[[ Data shown, beginning ]]

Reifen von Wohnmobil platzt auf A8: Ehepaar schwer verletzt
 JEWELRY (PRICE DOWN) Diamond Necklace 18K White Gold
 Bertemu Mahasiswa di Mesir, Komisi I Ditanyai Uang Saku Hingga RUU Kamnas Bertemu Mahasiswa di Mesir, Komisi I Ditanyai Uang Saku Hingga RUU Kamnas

[[ Data shown, end ]]
[[ Data shown, beginning ]]

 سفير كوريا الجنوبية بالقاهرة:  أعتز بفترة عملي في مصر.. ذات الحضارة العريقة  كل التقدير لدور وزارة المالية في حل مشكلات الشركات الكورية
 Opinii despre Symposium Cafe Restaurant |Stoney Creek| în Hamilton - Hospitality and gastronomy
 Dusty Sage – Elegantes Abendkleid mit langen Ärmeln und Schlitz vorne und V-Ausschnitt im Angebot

[[ Data shown, end ]]

» **Exercise description**: Please transcribe exactly the lines above from the line that has "سفير كوريا الجنوبية" up to and including the line that has "Dusty Sage –"; no other line belongs in the answer.

» **Reply**:
 سفير كوريا الجنوبية بالقاهرة:  أعتز بفترة عملي في مصر.. ذات الحضارة العريقة  كل التقدير لدور وزارة المالية في حل مشكلات الشركات الكورية
 Opinii despre Symposium Cafe Restaurant |Stoney Creek| în Hamilton - Hospitality and gastronomy
 Dusty Sage – Elegantes Abendkleid mit langen Ärmeln und Schlitz vorne und V-Ausschnitt im Angebot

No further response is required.